* _EXERCISE DETAILS_: Output the listing below verbatim, but drop the images.

* _GIVEN MATERIAL_:
=== Begin Enclosure ===
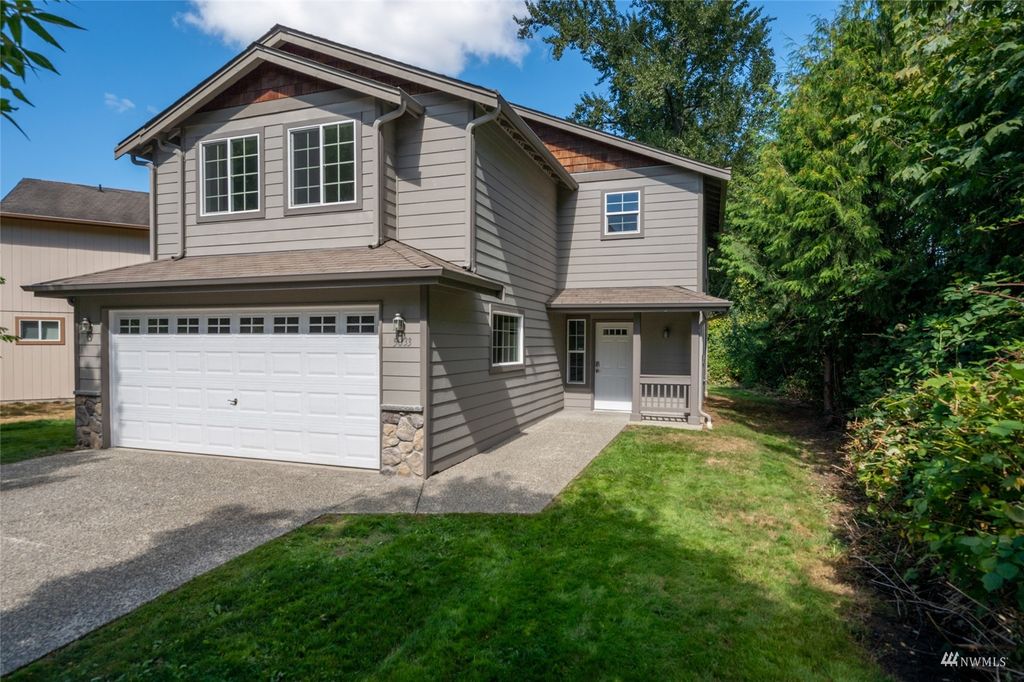 Photo of 5033 104th Place NE, Marysville, WA 98270 (MLS # 1993985)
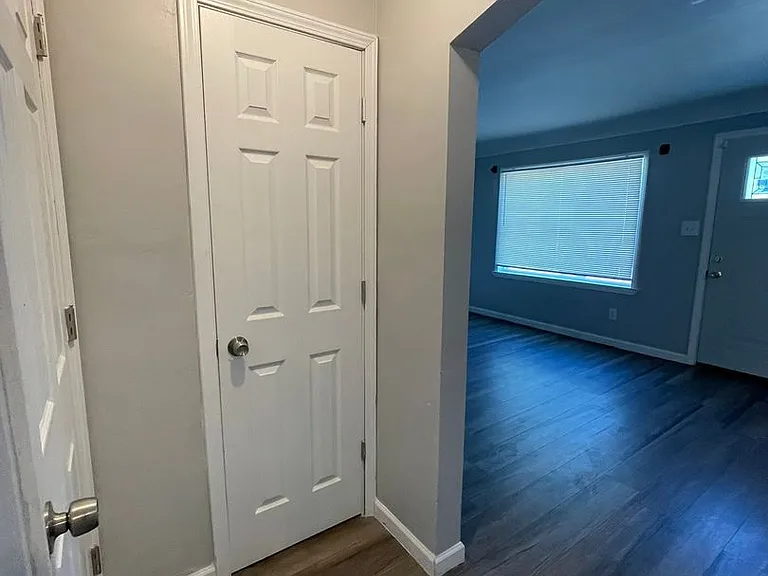 14570 Cherrylawn St — Photo 10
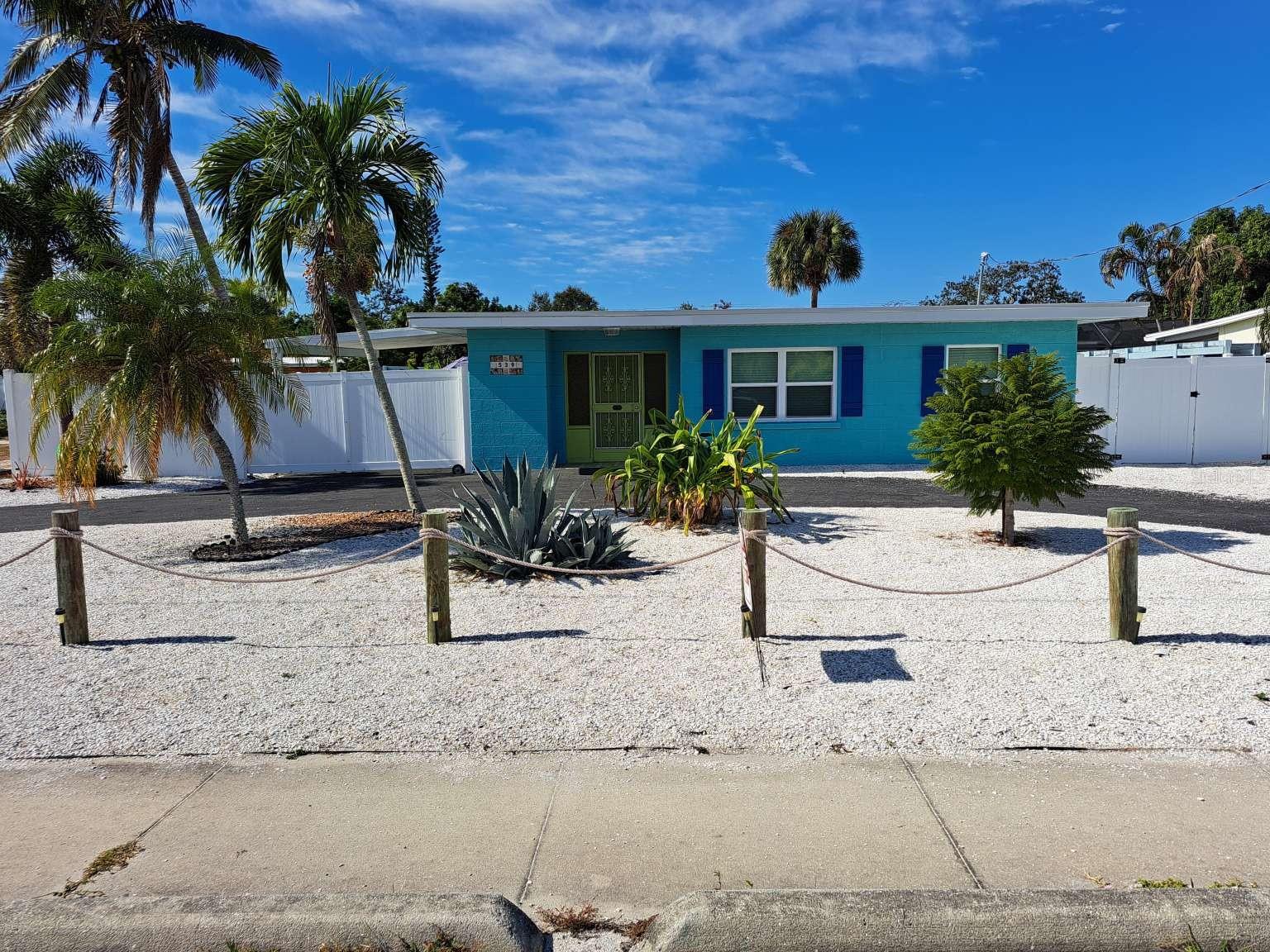 Single Family Residence in NOKOMIS, FL - Daniel Dourado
=== End Enclosure ===
* _SOLUTION TO THIS TASK_:
 Photo of 5033 104th Place NE, Marysville, WA 98270 (MLS # 1993985)
 14570 Cherrylawn St — Photo 10
 Single Family Residence in NOKOMIS, FL - Daniel Dourado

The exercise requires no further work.